Last week I wrote about the theory of homeopathy. Homeopathy is the practice of prescribing specially prepared homeopathic remedies made from extremely dilute natural substances. In many cases, a remedy is used to treat the symptoms that a larger dose of the same substance would cause. For instance, chopping onions may cause redness, burning and tearing of the eyes, and a runny nose. A homeopathic preparation of onion (Allium cepa) is used to treat these conditions, such as when they occur due to a cold or allergies.
Today I want to clarify some points and explore homeopathy’s conundrum. First, since people sometimes confuse the terms, homeopathic is different than holistic, which refers to any treatment that aims to consider and support the whole individual. Acupuncture and naturopathic medicine are examples of holistic systems, though most acupuncturists don’t practice homeopathy, and homeopathy is usually a relatively small fraction of what most naturopathic physicians do.

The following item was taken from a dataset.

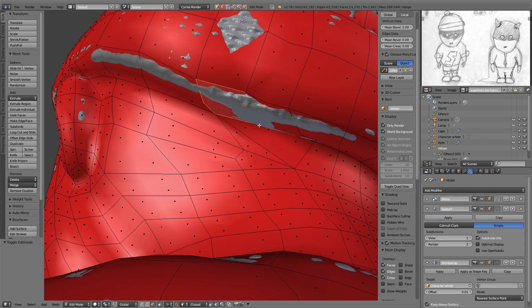Okay so I hope that clears a few things up about quads triangles and n-gons. It's one of those things that you will get with practice as you model more and see the effects. Thanks for watching and I hope that helps.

Second, most of the scientific community believes homeopathy is pseudoscience and no more effective than a placebo. Indeed, there are numerous studies that invalidate homeopathy. Advocates of homeopathy point out that the unfavorable studies involve giving subjects a homeopathic remedy matched to a particular symptom or medical condition without utilizing the specificity that’s essential in effective homeopathic diagnosis. Homeopaths contend that when a remedy is matched not only to the dominant symptoms, but the whole picture of the individual, the rate of success is much higher.
As I said in the last article, I’ve witnessed many cases in which homeopathy did nothing useful – though at least it was entirely harmless and without side effects – and I have also witnessed cases in which it was remarkably effective. Could it have been a placebo effect? Sure. But if it was “merely” a placebo effect, it was a profound placebo effect: a perfect medicine that was entirely beneficial, painless to administer, palatable, with zero downside. One should be asking, “How can we reproduce this?”
Homeopathy is vastly popular around the world. Its use is especially prevalent in France, Italy, India, Switzerland, Mexico, Germany, England, and the U.S. 29% of the EU population uses homeopathy on a daily basis. About half of Germans have used homeopathic medicines and about 70% say they are satisfied with its effects.1 History shows us that sheer number of adherents doesn’t make something correct or morally right, but we’re smarter than ever and have more options.
So, what’s going on here? Why do so many people use it if it’s a sham? Well, there are two possibilities. 1) The thousands of practitioners and roughly 200 million people who use homeopathy on a regular basis are fooling themselves. They think homeopathy is useful but it’s just a placebo and/or wishful thinking. Or 2) There is actual benefit to homeopathy which can’t be substantiated by current science and is not accurately reflected by the research.
Trust me, as a scientist, it’s hard to understand its validity, but I also know what I’ve seen. Are there other systems of medicine with higher rates of success? Probably. To be frank, it is not my go-to modality except for a small number of conditions for which I consistently get good results with homeopathic remedies. However, I’m a mediocre homeopath and I have more training and skill in other forms of medicine.
But when it works, it works. And I have seen cases where several medicines were tried but only the homeopathic one succeeded, including numerous instances in which the patient was highly skeptical of homeopathy. If it were a placebo effect, why would the other medicines not have produced a benefit equal to that of homeopathy? Why would a skeptical patient have a placebo effect when the basis for a placebo response is an expectation of benefit? Should science have the ability to invalidate someone’s subjective experience of benefit?
I don’t have the answers to these questions. I know some incredibly intelligent doctors who practice homeopathy, and I have seen it and them derided by the medical mainstream. Skeptics’ concern, they say, is that people might not get effective medical help because they’re using homeopathics instead. I agree that if someone isn’t getting a benefit from a chosen medical modality, it might be useful to consider other options. I also believe it’s everyone’s right to manage their health in whatever way they wish – even if it hastens their demise. For perspective, it’s important to note that, according to a recent Johns Hopkins study, 250,000 Americans die each year due to medical errors, making mainstream medicine the third leading cause of death after heart disease and cancer. I have seen people killed by mainstream medical treatments. A modality’s safety is no small thing.
While there are plenty of people who are averse to biomedicine, we tend to treat the mainstream with a greater degree of respect than is extended to alternative fields. For instance, when we hear that a particular drug or procedure doesn’t work, most people conclude that this particular intervention wasn’t effective. We don’t say, “Well, biomedicine doesn’t work.” In contrast, when an alternative medicine fails to benefit a certain condition, a common conclusion is that the entire modality is worthless. I can’t tell you how many times I’ve seen an author cite a single failed acupuncture study as proof that acupuncture is bunk. It’s an unfortunate reflection of the tendency for the mainstream to squash its rivals, even when they don’t truly threaten it.
It’s important, therefore, that we all keep our eyes wide open and practice critical thinking (and not just when it comes to medicine). Be your own advocate, trust your intuition, listen to your body, and don’t assume that just because someone has a degree they know what’s right for you.